Everyone seems to love lists, so I thought I’d put together a list of the top 10 aged Australian Chardonnays, especially since I have had a chance to recently sample back vintages of two that definitely make the list: the Leeuwin Estate Art Series Chardonnay 1998 and the Savaterre Chardonnay 2004.
A couple of caveats. This list is necessarily retrospective. Chardonnay in Australia is experiencing somewhat of a renaissance at the moment, with brilliant new examples of a more balanced and restrained style winning plaudits from critics and consumers alike. As Fiona Beckett recently noted in The Guardian “of all the wines that Australia produces, [chardonnay] has undergone the most dazzling transformation, reminding us what a sexy, sumptuous, delicious wine chardonnay can be.” (Wine: Australian chardonnay comes of age by Fiona Beckett, The Guardian, 13 January 2012)
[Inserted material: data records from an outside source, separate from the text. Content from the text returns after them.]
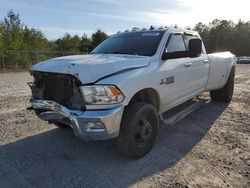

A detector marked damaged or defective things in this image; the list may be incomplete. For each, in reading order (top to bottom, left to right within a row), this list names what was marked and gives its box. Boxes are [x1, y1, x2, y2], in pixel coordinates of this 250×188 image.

crumpled hood [32, 54, 150, 83]
damaged front end [27, 71, 123, 140]
broken headlight [81, 85, 125, 105] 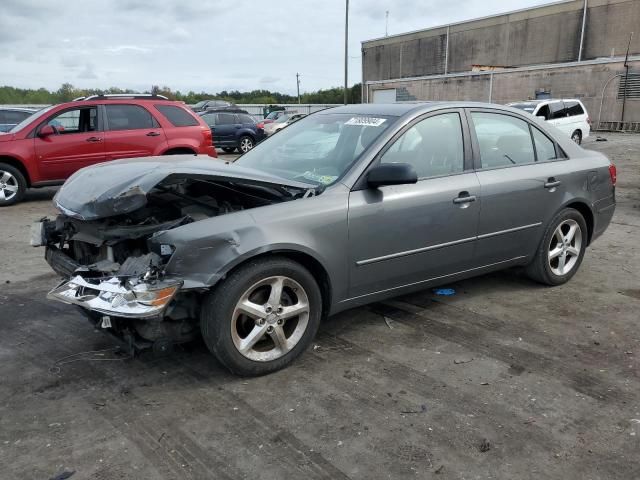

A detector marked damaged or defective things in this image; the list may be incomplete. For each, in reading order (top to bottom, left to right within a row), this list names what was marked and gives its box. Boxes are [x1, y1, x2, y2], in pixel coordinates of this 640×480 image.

crushed hood [55, 155, 316, 220]
damaged gray sedan [35, 104, 616, 376]
cracked bumper [46, 274, 182, 318] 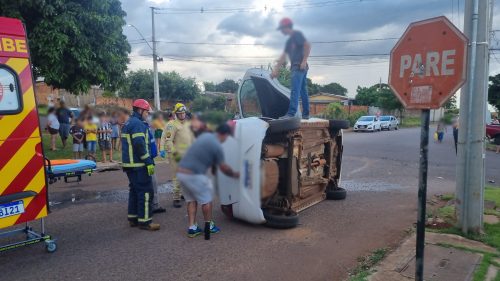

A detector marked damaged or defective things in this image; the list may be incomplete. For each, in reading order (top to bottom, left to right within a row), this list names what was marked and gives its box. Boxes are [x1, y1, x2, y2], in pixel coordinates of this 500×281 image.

overturned white car [215, 68, 348, 228] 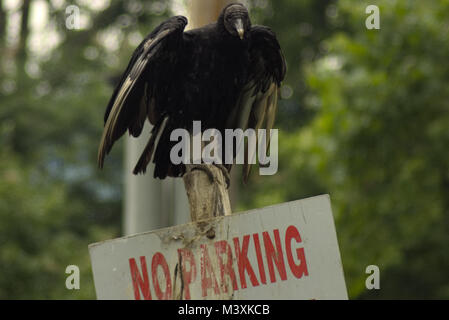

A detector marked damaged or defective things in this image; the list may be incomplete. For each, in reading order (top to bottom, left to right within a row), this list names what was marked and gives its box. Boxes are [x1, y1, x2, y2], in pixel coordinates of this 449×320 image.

rust stain on sign [87, 195, 346, 300] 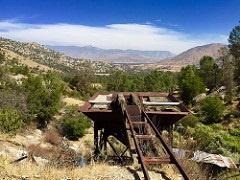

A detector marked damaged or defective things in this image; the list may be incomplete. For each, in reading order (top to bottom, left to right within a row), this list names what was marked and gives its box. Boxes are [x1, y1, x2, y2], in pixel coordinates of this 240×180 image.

rusty mining equipment [80, 92, 191, 179] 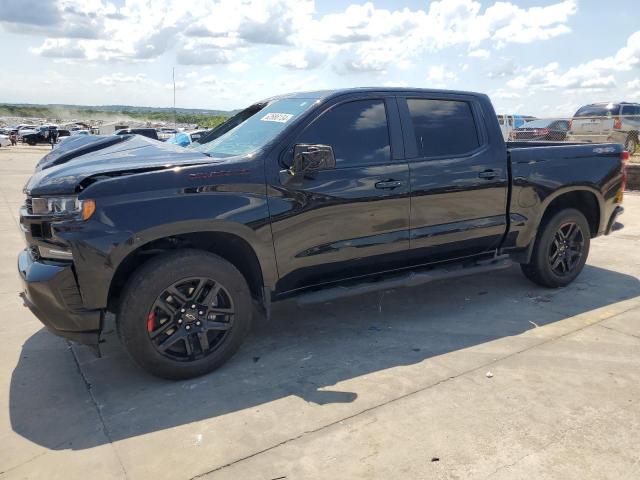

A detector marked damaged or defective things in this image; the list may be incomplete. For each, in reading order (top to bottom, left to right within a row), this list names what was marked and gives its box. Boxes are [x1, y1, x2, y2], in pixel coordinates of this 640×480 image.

damaged front bumper [18, 248, 102, 344]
The newer examples haven’t yet past the test of time, and while wine critics’ drinking windows certainly suggest great longevity, they haven’t been properly tested. Consequently superbly refined wines like Tapanappa’s Tiers Vineyard Chardonnay and the Shaw + Smith M3 Chardonnay, which were both first released in 2005 and 2003 respectively, don’t yet have a long enough track record to make the list.
Regular readers of my blog know that I’m a big fan of research, so for inspiration this list draws on the vast knowledge and considerable drinking experience of Australia’s best wine critics. For aged wines, however, you can’t go past the verdict of the consumer, as many of the finest bottles are snapped up for the cellar and then snapped up again on the secondary market.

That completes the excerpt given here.